• _WORK INSTRUCTIONS_: From the data below, set down exactly the lines between the one holding "Japanese Brand NO" and the one holding "均佳 JCS-207 鋁合金背可調收合 便器椅 便椅 便盆 馬桶椅", inclusive, and no others.
:: LISTED RECORDS ::
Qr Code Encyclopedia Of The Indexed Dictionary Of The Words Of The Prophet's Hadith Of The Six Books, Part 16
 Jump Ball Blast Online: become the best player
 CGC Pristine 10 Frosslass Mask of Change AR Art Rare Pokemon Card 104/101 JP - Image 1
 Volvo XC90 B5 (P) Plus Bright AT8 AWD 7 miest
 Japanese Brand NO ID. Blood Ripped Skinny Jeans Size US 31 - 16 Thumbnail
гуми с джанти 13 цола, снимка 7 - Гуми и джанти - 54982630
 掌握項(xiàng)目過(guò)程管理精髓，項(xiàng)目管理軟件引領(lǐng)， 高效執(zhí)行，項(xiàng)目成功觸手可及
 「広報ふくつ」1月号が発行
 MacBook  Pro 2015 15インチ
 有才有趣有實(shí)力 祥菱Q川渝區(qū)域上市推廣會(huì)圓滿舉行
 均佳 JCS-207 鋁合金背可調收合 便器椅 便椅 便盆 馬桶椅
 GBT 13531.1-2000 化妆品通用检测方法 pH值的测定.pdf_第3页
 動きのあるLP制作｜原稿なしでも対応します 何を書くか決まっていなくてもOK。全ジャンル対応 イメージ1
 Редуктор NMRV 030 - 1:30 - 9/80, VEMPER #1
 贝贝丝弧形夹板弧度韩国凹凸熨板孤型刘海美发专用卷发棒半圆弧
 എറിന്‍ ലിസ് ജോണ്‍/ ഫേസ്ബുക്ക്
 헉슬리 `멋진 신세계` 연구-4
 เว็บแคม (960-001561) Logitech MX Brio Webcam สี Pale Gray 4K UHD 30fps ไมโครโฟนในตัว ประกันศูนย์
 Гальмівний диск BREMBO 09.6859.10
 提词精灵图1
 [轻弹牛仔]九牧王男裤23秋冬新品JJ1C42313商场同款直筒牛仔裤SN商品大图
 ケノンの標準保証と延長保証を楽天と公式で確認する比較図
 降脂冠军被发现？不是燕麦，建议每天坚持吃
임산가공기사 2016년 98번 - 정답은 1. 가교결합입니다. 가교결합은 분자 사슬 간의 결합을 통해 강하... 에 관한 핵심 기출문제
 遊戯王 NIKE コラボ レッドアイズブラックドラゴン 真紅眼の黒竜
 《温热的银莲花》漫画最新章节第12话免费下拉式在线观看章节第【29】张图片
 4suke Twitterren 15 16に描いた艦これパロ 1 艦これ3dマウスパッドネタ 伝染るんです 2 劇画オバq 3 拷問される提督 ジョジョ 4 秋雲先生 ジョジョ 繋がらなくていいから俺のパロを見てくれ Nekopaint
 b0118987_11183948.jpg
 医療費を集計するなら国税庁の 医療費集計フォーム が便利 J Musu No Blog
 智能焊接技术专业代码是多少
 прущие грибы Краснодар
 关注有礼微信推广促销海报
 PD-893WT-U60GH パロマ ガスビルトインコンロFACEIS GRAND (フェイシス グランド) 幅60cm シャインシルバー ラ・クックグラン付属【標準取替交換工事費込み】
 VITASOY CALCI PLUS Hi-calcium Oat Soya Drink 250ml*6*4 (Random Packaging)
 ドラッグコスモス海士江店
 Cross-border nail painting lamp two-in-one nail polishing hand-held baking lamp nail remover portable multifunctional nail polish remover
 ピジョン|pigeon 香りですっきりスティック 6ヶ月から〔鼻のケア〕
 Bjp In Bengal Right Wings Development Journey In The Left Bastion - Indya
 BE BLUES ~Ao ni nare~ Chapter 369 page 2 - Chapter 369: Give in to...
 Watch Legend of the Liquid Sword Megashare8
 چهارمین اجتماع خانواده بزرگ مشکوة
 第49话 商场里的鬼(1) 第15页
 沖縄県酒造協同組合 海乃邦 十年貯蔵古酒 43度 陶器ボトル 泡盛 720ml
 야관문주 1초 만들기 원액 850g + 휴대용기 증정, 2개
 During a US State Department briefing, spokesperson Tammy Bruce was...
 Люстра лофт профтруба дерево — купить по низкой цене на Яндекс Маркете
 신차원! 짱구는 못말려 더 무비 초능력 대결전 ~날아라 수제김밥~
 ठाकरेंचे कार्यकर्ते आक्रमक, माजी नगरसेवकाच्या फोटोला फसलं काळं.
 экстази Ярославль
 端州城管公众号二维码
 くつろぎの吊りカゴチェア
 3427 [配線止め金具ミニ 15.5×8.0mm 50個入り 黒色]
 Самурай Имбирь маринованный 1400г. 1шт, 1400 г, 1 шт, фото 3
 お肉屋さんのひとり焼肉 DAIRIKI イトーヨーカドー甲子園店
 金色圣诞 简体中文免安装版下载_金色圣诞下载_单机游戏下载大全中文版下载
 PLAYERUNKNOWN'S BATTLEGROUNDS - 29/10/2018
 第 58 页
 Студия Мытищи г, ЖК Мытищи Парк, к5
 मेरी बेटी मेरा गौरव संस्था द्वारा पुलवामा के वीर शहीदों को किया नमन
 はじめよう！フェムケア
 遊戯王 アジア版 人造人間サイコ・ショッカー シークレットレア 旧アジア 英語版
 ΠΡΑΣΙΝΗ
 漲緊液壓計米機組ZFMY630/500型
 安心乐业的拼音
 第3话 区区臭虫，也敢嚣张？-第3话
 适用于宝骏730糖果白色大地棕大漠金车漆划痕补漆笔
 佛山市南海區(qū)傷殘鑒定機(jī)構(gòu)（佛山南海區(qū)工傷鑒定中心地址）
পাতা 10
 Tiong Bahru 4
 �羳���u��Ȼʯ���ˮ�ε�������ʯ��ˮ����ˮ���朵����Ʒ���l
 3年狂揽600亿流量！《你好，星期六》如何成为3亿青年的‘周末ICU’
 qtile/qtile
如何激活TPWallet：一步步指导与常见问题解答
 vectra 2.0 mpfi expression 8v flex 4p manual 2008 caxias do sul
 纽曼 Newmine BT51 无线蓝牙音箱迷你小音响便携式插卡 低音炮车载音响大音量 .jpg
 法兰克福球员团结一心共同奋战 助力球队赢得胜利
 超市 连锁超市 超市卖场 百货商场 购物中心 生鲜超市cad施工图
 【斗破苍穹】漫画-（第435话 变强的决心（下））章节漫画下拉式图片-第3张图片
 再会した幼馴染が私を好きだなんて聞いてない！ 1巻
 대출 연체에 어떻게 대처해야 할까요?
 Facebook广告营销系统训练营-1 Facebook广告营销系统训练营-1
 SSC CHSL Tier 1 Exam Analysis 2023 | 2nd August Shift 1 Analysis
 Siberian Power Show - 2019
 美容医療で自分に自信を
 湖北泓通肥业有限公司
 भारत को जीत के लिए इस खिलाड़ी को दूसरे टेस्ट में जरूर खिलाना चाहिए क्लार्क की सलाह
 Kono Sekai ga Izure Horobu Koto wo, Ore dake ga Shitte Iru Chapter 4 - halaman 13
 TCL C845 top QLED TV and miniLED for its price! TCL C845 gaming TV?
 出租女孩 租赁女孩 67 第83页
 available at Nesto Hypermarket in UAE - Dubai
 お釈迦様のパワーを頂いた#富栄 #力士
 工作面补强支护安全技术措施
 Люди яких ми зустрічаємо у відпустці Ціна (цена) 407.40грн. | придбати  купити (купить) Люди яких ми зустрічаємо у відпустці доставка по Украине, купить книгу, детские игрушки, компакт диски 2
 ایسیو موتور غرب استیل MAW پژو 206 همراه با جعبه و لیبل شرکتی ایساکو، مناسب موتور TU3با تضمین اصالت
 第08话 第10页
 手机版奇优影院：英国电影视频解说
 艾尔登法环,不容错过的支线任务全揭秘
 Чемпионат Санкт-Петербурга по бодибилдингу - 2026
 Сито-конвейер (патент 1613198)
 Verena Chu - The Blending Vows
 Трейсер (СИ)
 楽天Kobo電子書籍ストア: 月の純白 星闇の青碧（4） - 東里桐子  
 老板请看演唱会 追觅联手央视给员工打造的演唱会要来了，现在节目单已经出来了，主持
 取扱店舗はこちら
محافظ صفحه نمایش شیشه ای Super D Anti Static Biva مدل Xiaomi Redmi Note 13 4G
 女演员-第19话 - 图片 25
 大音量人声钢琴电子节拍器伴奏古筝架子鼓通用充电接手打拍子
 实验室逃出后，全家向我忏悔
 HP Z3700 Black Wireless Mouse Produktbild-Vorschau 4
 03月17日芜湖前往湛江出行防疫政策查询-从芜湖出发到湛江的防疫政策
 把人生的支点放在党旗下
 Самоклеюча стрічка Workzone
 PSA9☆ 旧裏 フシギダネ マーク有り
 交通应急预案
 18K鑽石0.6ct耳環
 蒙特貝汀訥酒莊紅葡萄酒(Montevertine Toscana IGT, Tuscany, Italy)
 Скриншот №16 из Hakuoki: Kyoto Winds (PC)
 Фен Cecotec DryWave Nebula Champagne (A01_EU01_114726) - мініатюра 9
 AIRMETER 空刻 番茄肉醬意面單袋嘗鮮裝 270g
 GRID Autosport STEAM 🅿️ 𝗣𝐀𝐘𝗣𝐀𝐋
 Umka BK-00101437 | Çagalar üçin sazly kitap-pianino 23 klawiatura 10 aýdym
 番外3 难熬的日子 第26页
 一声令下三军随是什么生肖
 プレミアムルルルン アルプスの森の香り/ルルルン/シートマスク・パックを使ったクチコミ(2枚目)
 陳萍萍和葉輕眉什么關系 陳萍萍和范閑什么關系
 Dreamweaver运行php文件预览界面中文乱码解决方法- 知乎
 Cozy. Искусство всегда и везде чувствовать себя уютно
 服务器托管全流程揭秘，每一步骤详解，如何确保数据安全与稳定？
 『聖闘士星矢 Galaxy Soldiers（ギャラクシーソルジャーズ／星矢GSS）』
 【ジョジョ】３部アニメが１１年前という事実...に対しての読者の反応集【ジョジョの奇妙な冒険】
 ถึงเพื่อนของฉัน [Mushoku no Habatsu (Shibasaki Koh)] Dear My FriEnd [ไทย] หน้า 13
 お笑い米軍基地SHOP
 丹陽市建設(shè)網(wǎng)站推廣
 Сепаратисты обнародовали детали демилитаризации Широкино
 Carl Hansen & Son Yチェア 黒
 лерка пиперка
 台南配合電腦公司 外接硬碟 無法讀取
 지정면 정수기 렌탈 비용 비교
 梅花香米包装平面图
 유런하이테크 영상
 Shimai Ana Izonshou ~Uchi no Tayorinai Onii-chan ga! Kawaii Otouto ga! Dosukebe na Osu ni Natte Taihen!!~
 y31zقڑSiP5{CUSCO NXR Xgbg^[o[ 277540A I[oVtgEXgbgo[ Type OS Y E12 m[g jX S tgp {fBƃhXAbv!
:::
• _REPLY_:
 Japanese Brand NO ID. Blood Ripped Skinny Jeans Size US 31 - 16 Thumbnail
гуми с джанти 13 цола, снимка 7 - Гуми и джанти - 54982630
 掌握項(xiàng)目過(guò)程管理精髓，項(xiàng)目管理軟件引領(lǐng)， 高效執(zhí)行，項(xiàng)目成功觸手可及
 「広報ふくつ」1月号が発行
 MacBook  Pro 2015 15インチ
 有才有趣有實(shí)力 祥菱Q川渝區(qū)域上市推廣會(huì)圓滿舉行
 均佳 JCS-207 鋁合金背可調收合 便器椅 便椅 便盆 馬桶椅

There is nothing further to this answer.